Meantime the angry prince, convinced at last against his will that negotiations with such an enemy were futile, collected an army and began his march towards the East. Taking troops from the various provinces through which he passed, he conducted to Antioch, in the autumn of A.D. 231, a considerable force, which was there augmented by the legions of the East and by troops drawn from Egypt and other quarters. Artaxerxes, on his part, was not idle. According to Soverus himself, the army brought into the field by the Persian monarch consisted of one hundred and twenty thousand mailed horsemen, of eighteen hundred scythed chariots, and of seven hundred trained elephants, bearing on their backs towers filled with archers; and though this pretended host has been truly characterized as one “the like of which is not to be found in Eastern history, and has scarcely been imagined in Eastern romance,” yet, allowing much for exaggeration, we may still safely conclude that great exertions had been made on the Persian side, that their forces consisted of the three arms mentioned, and that the numbers of each were large beyond ordinary precedent. The two adversaries were thus not ill-matched; each brought the flower of his troops to the conflict; each commanded the army, on which his dependence was placed, in person; each looked to obtain from the contest not only an increase of military glory, but substantial fruits of victory in the shape of plunder or territory.

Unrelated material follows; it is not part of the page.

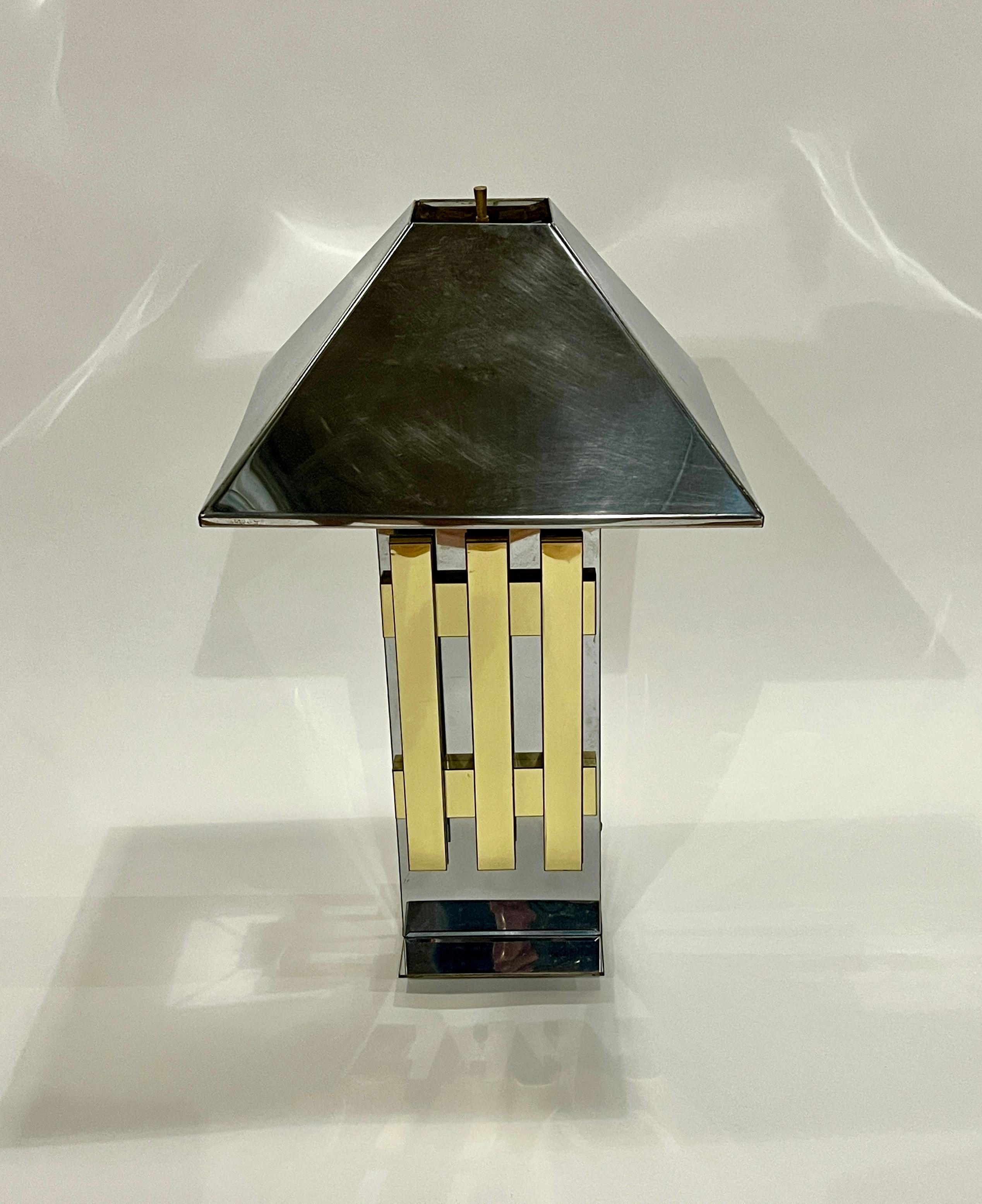 Sculptural mid-century modern table lamp made of chrome and brass with a metal shade in the style of Romeo Rega or Curtis Jere. Wired for US electricity and in working order.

It might have been expected that the Persian monarch, after the high tone which he had taken, would have maintained an aggressive attitude, have crossed the Euphrates, and spread the hordes at his disposal over Syria, Cappadocia, and Asia Minor. But it seems to be certain that he did not do so, and that the initiative was taken by the other side. Probably the Persian arms, as inefficient in sieges as the Parthian, were unable to overcome the resistance offered by the Roman forts upon the great river; and Artaxerxes was too good a general to throw his forces into the heart of an enemy’s country without having first secured a safe retreat. The Euphrates was therefore crossed by his adversary in the spring of A.D. 232; the Roman province of Mesopotamia was easily recovered; and arrangements were made by which it was hoped to deal the new monarchy a heavy blow, if not actually to crush and conquer it.